## Aim of the exercise
Reproduce word for word the lines between the one containing "Summer Floral 100%" and the end of the entries below, both inclusive; leave out pictures.

## Records drawn from a dataset
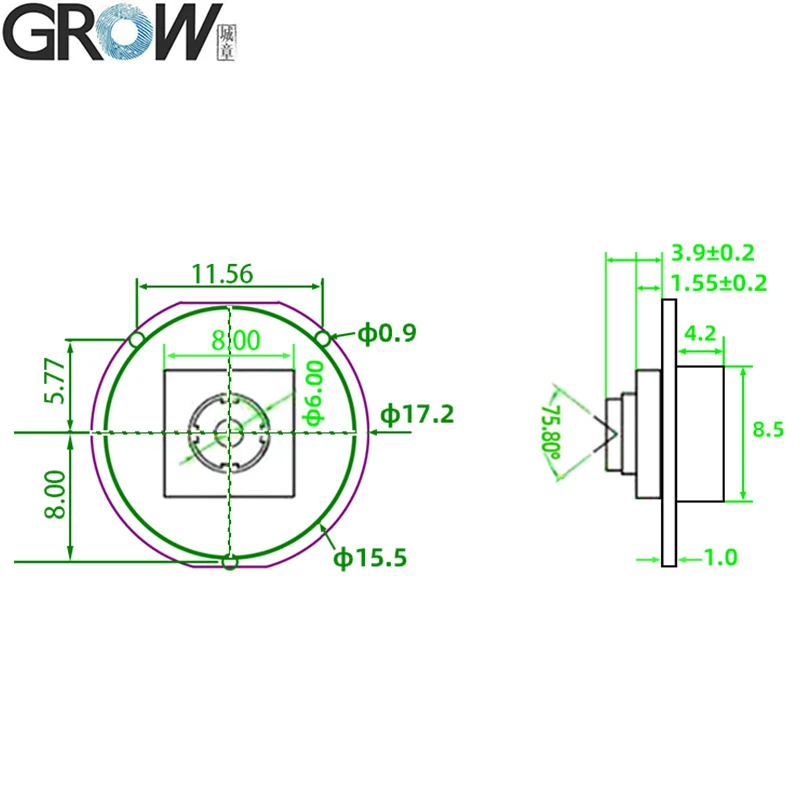 GROW GM861XS piccolo 1D/2D codice a barre QR Code modulo lettore di codici a barre interfaccia UART/USB LED verde bianco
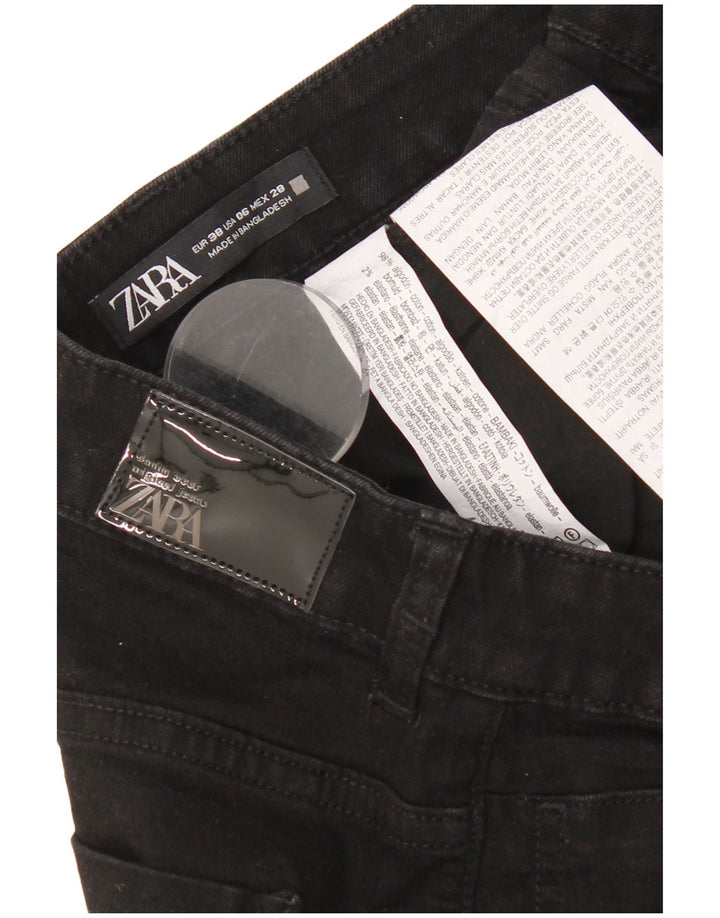 Женские расклешенные джинсы Zara EU 38, маленькие W28 L31, черный хлопок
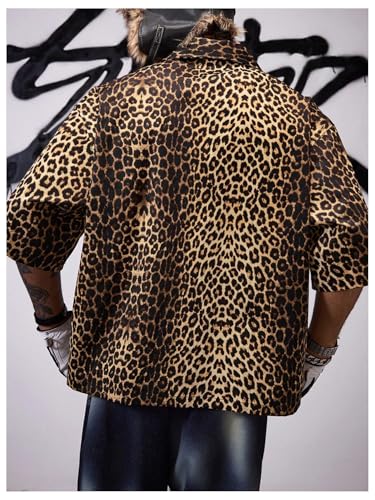 SHENHE Men's Summer Leopard Print Shirt Full Zip Up Short Sleeve Baggy Shirt Streetwear Top3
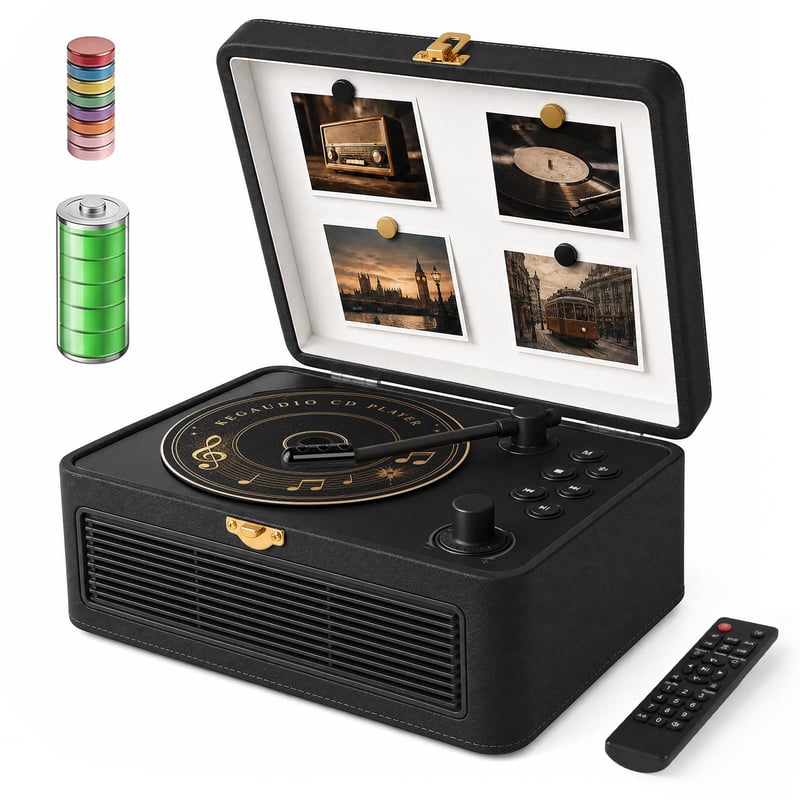 Prenosné CD rádio Kegaudio s funkciou Bluetooth, retro dizajn, čierne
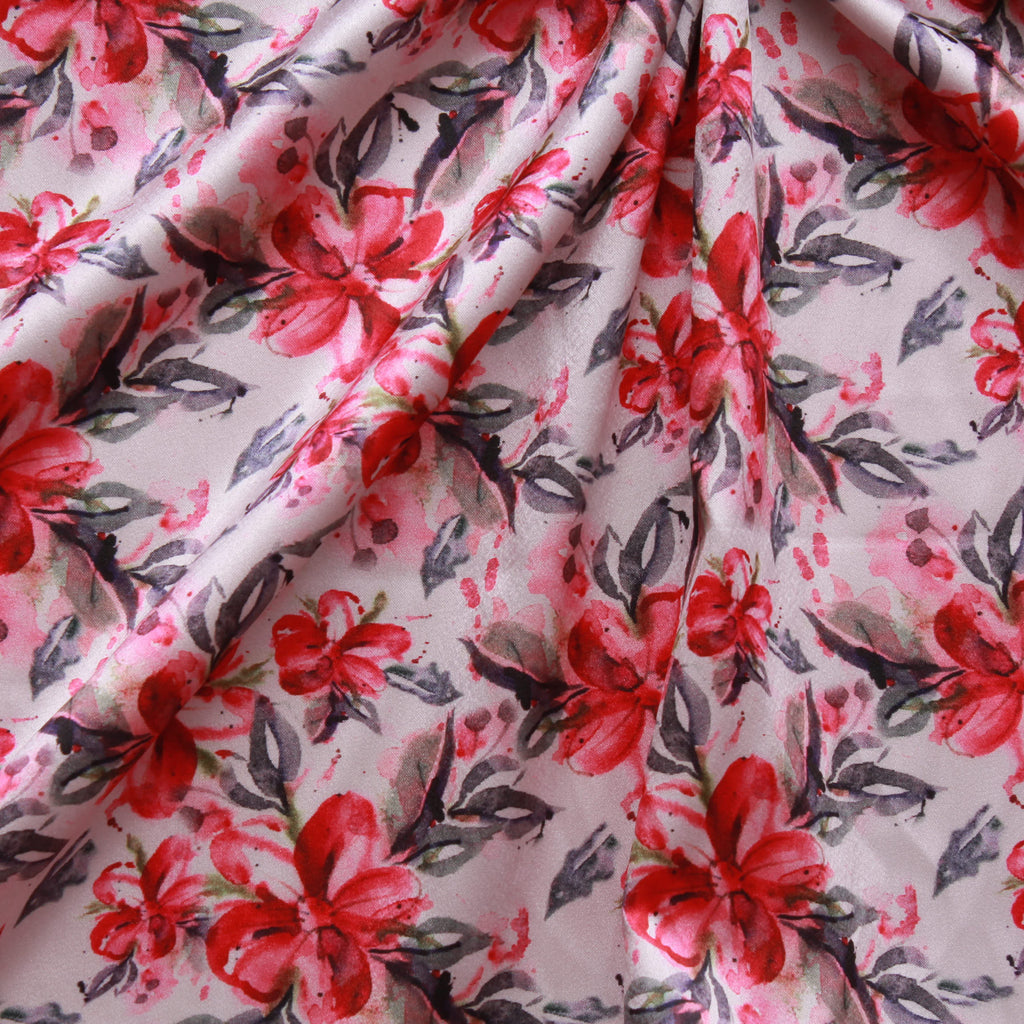Summer Floral 100% Polyester Digital Print Satin, Approx 147cm Wide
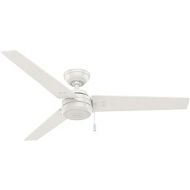 Hunter Fan Company 59263 Cassius 52 Inch 3 Blade 3 Speed Wooden Indoor/Outdoor Ceiling Fan with Pull Chain Control, Light Stripe, 52, Fresh White Finish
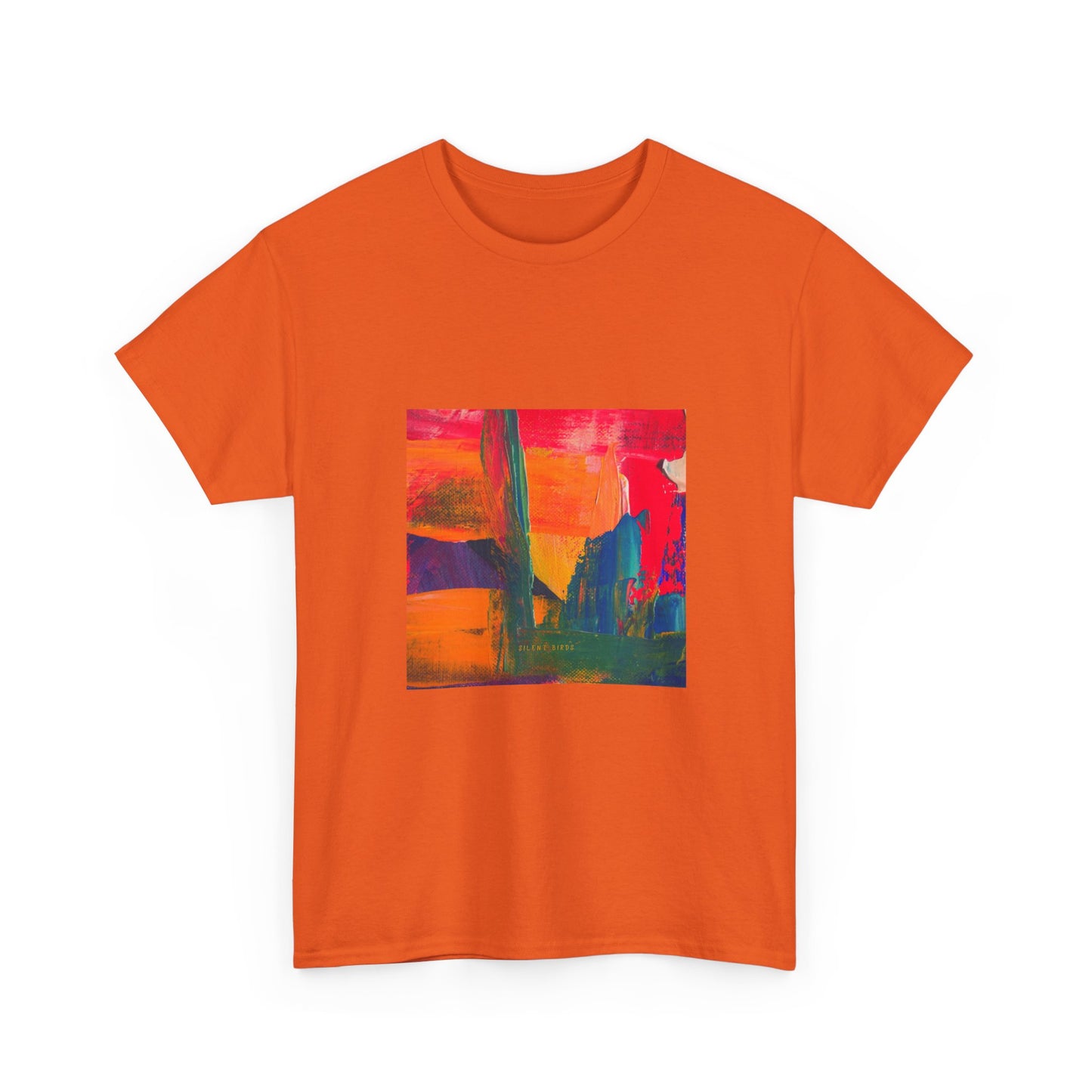 Vibrant Art Bird of Paradise Painting Tee for Creative Souls, Unisex Heavy Cotton T-Shirt, Artistic Gift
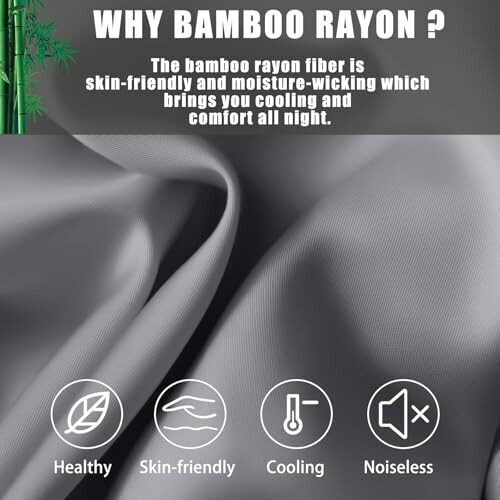 Benefits of bamboo rayon: skin-friendly, moisture-wicking, cooling, healthy, noiseless.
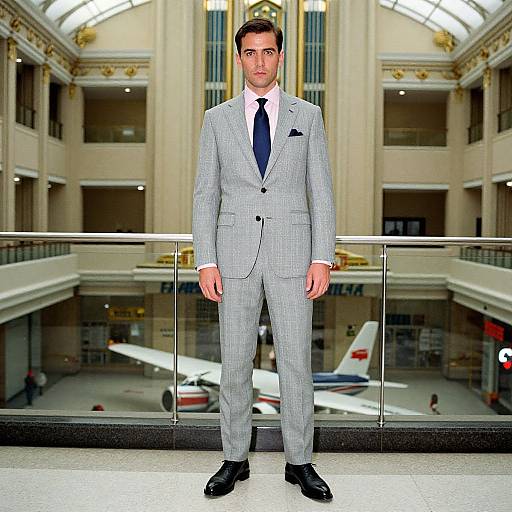 Photograph of a handsome man in a light gray suit, white shirt, and navy tie, standing in an elegant, grand airport terminal with an airplane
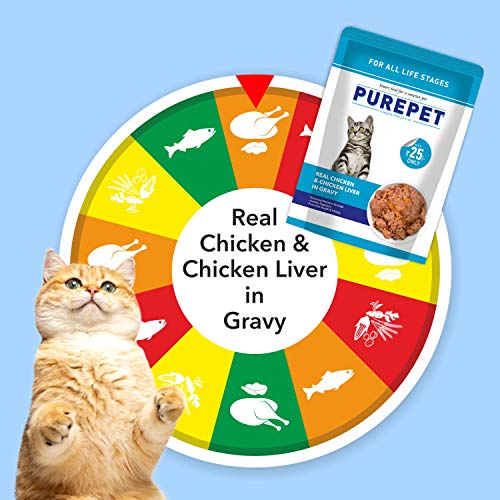 Image of Purepet All Life Stages Wet Cat Food, Real Chicken and Chicken Liver in Gravy, 24 Pouches (24 x 70g),1.68kg pack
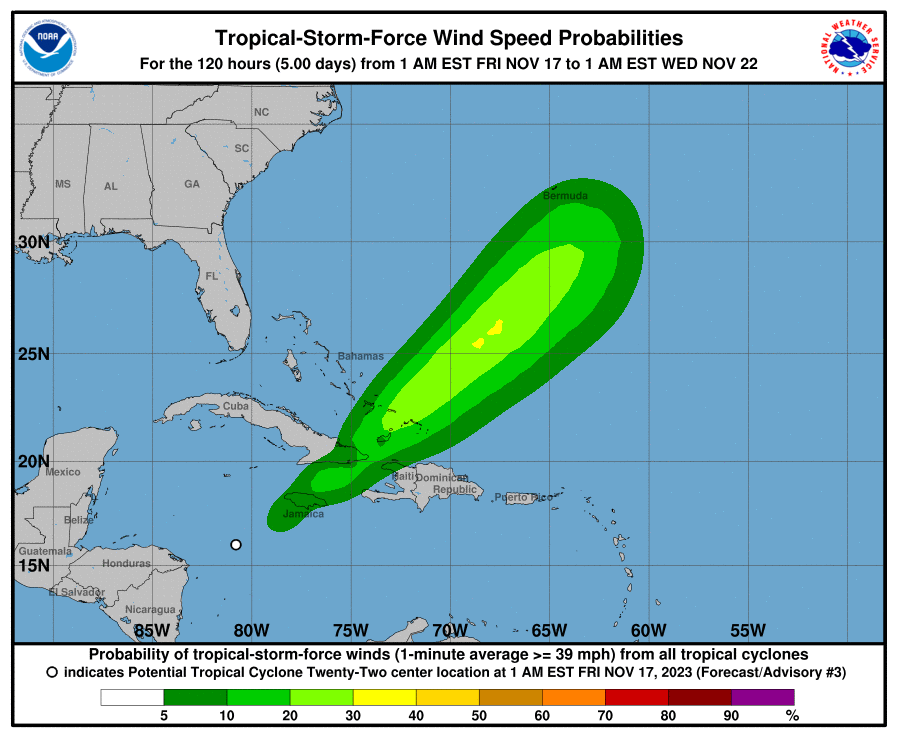 Potencial ciclón tropical veintidós está afectando zonas de Jamaica, Cuba y Haití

## Written solution
Summer Floral 100% Polyester Digital Print Satin, Approx 147cm Wide
 Hunter Fan Company 59263 Cassius 52 Inch 3 Blade 3 Speed Wooden Indoor/Outdoor Ceiling Fan with Pull Chain Control, Light Stripe, 52, Fresh White Finish
 Vibrant Art Bird of Paradise Painting Tee for Creative Souls, Unisex Heavy Cotton T-Shirt, Artistic Gift
 Benefits of bamboo rayon: skin-friendly, moisture-wicking, cooling, healthy, noiseless.
 Photograph of a handsome man in a light gray suit, white shirt, and navy tie, standing in an elegant, grand airport terminal with an airplane
 Image of Purepet All Life Stages Wet Cat Food, Real Chicken and Chicken Liver in Gravy, 24 Pouches (24 x 70g),1.68kg pack
 Potencial ciclón tropical veintidós está afectando zonas de Jamaica, Cuba y Haití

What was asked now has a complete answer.